* TRY IT: Print only the lines below from the one with "Knee Osteoarthritis Thuasne" to the one with "Adam Pearson in un film", both included, exactly as they stand. Leave pictures out.

* EXCERPTED DATA:
* * * * * * * * *

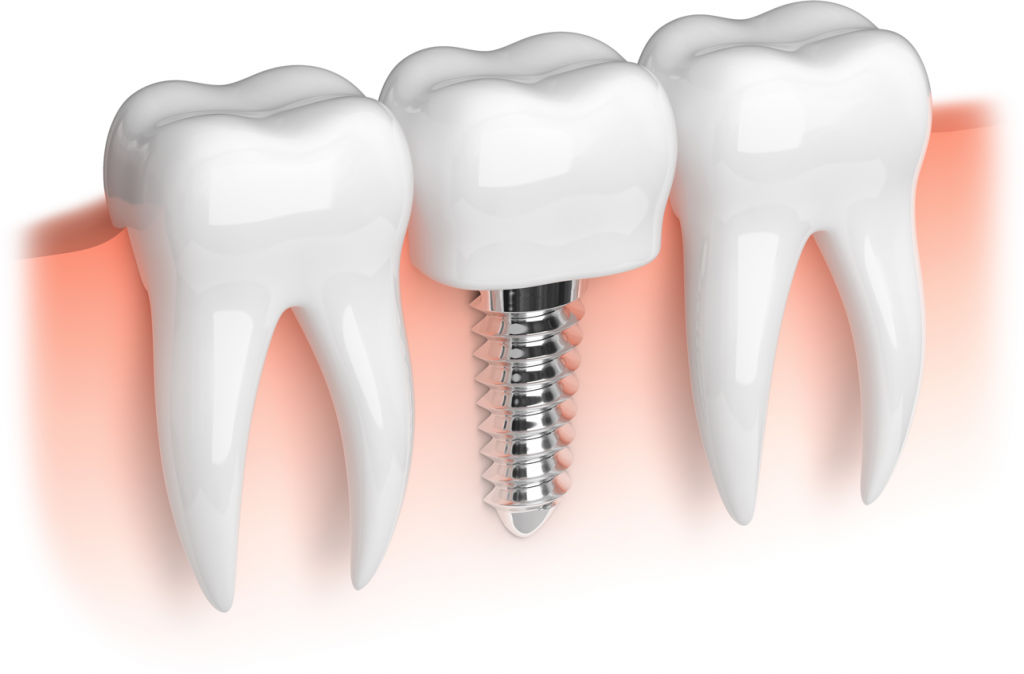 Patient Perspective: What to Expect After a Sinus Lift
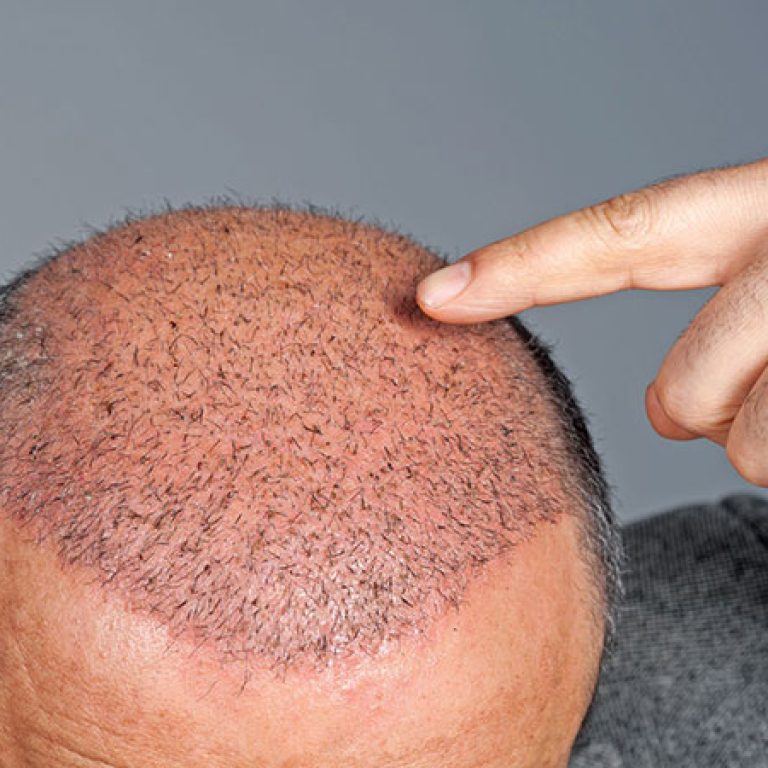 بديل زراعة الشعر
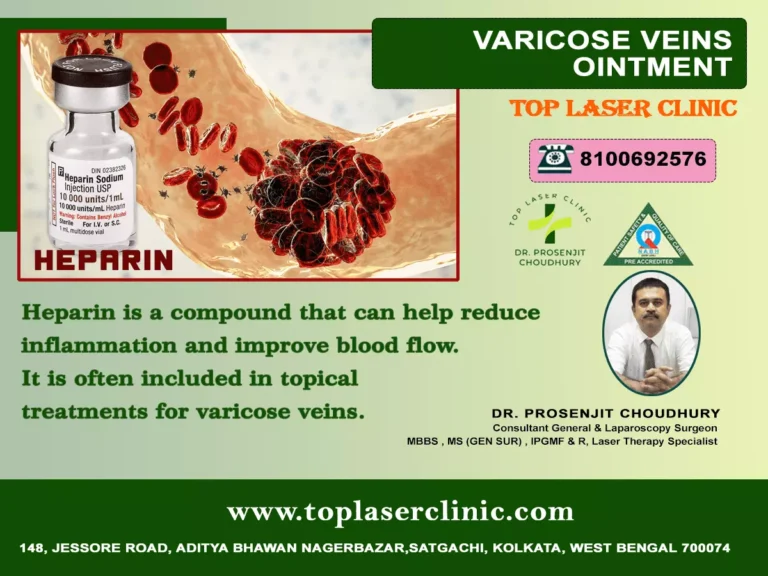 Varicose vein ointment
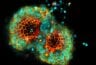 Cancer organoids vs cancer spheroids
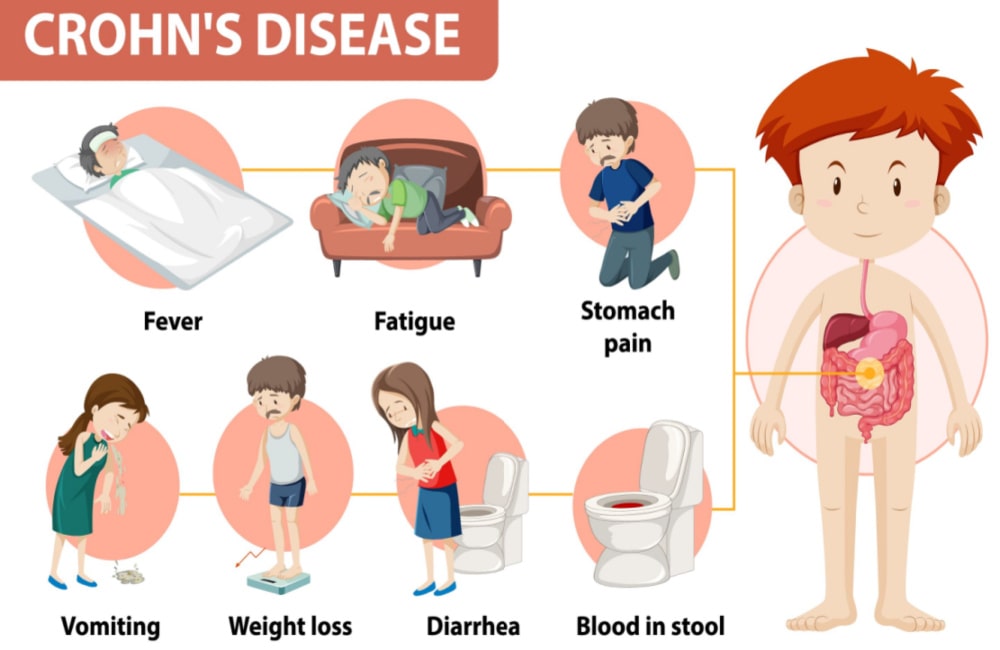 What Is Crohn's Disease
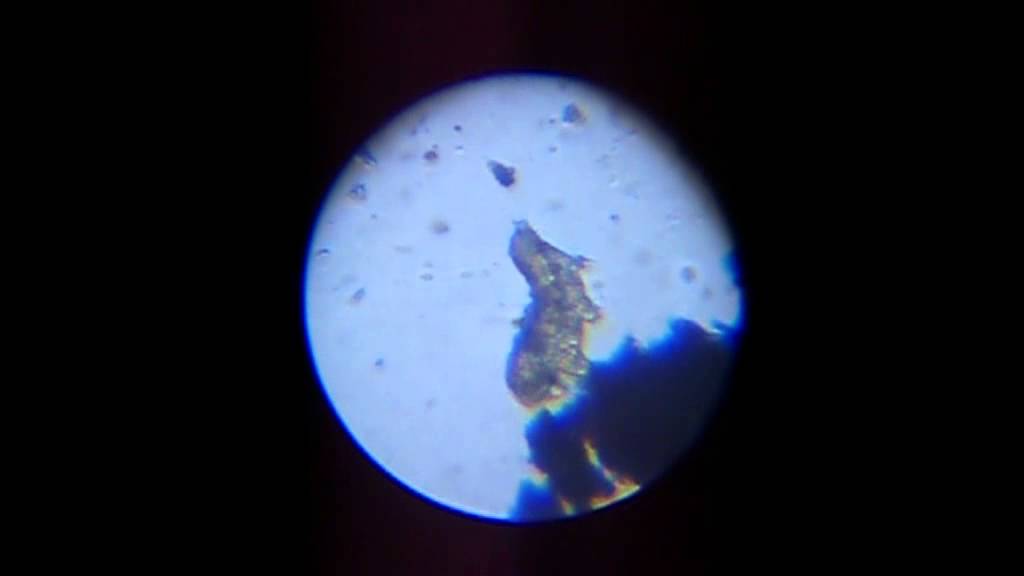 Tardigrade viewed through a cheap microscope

* * * * * * * * *

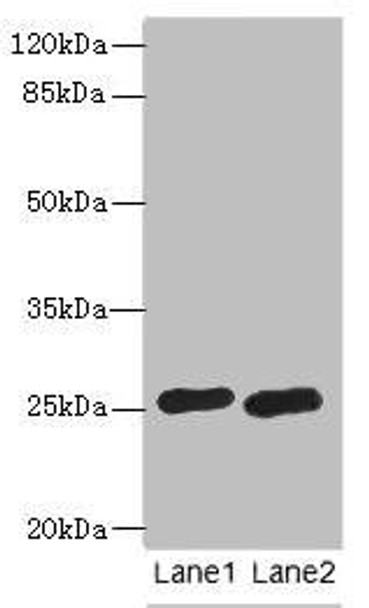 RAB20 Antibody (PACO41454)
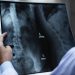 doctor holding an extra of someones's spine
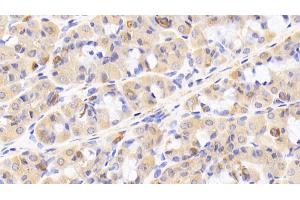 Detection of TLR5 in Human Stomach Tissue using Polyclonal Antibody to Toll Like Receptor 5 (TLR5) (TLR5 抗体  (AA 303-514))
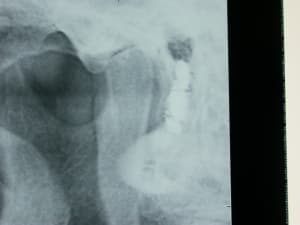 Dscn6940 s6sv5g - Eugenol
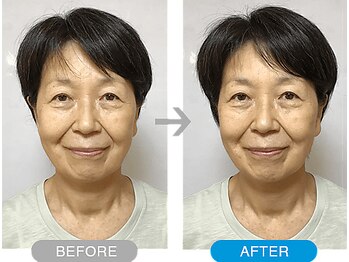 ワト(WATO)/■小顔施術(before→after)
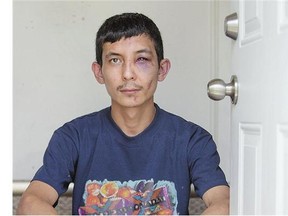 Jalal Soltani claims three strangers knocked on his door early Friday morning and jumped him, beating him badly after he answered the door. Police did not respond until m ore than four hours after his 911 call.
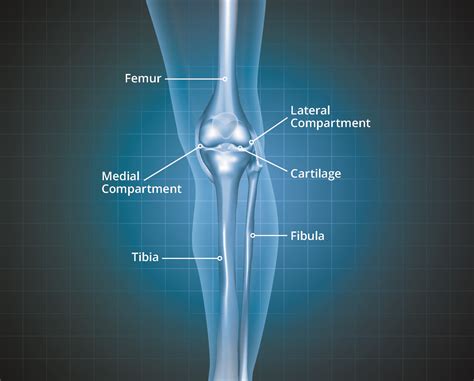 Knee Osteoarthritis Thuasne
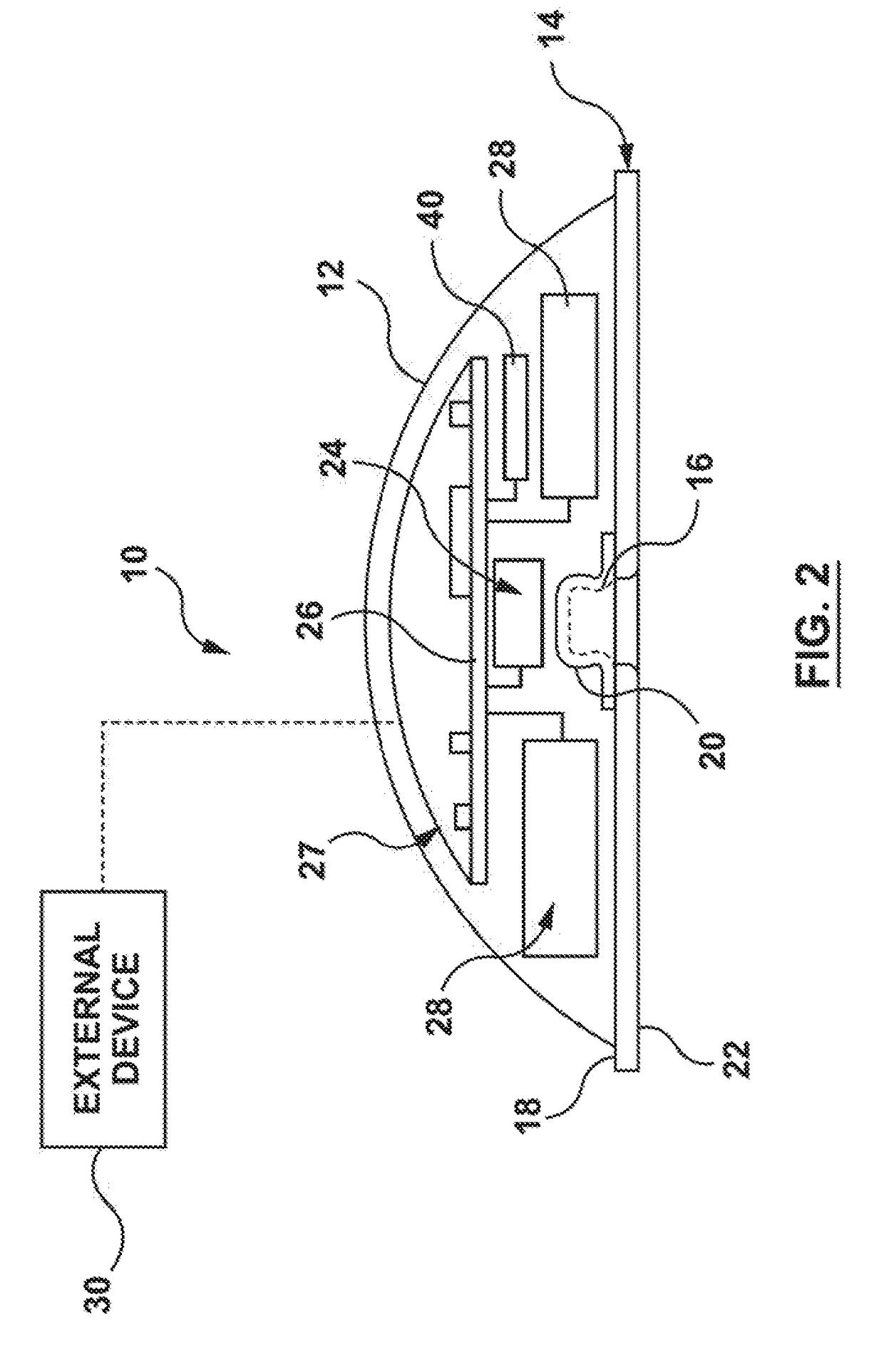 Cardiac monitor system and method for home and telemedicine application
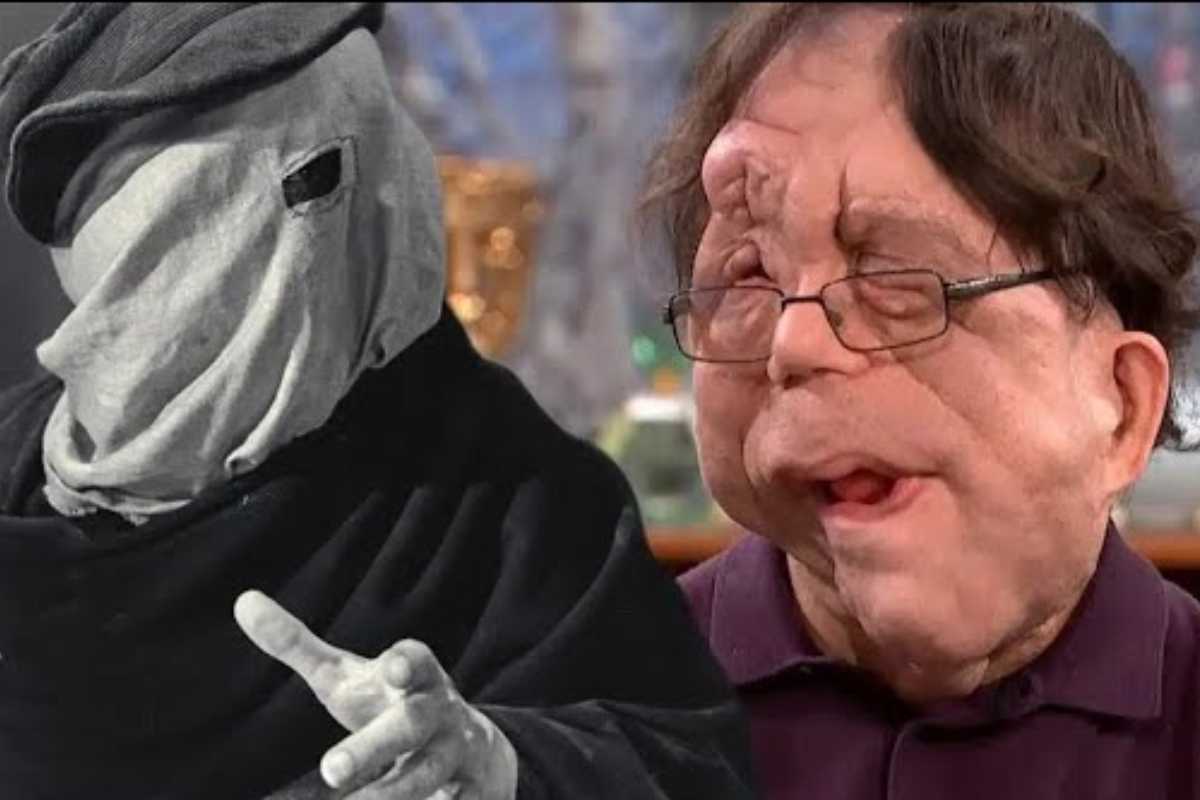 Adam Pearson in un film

* * * * * * * * *

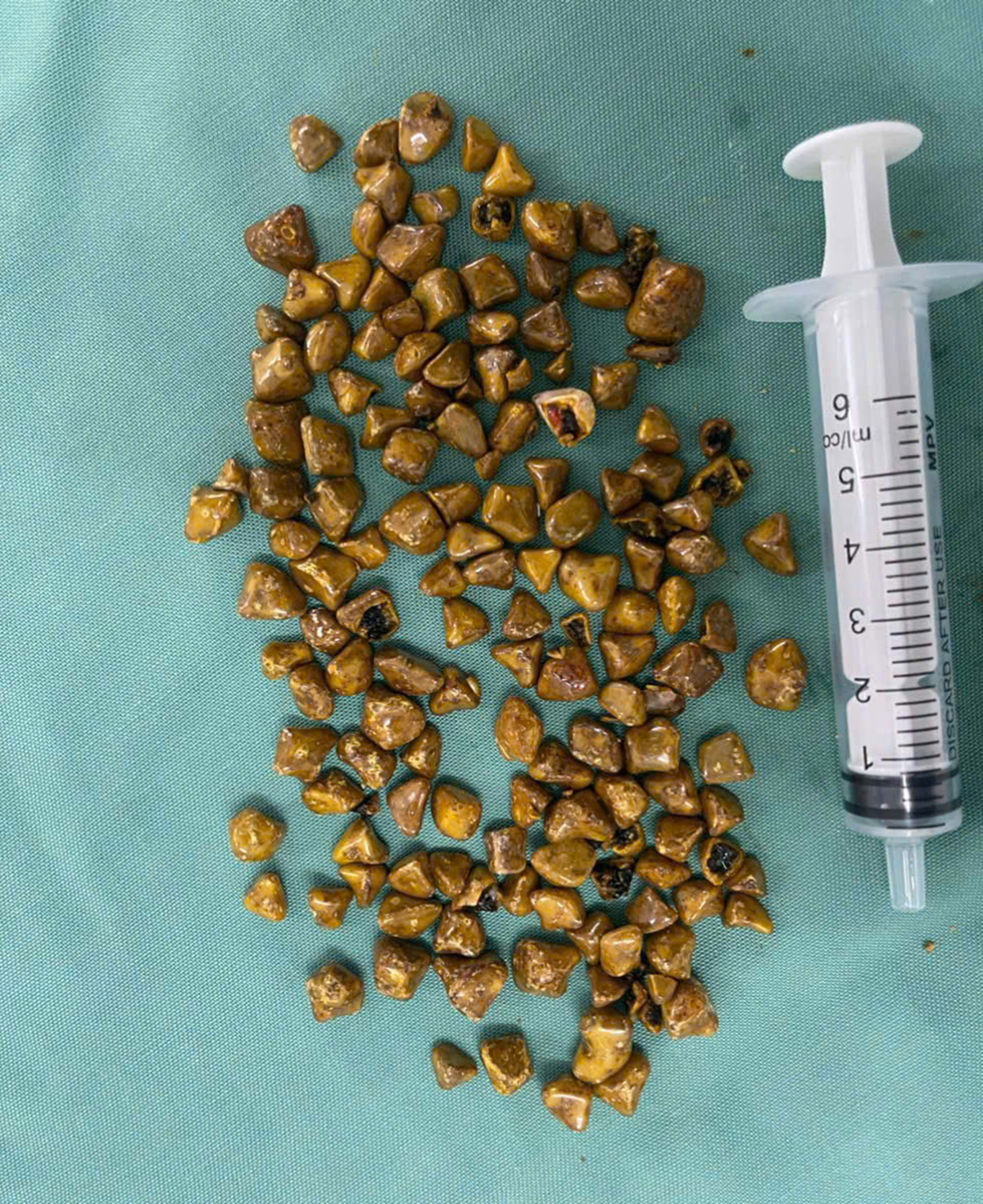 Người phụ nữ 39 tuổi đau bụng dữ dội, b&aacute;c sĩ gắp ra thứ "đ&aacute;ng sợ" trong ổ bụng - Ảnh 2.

* * * * * * * * *

* FINISHED TASK:
 Knee Osteoarthritis Thuasne
 Cardiac monitor system and method for home and telemedicine application
 Adam Pearson in un film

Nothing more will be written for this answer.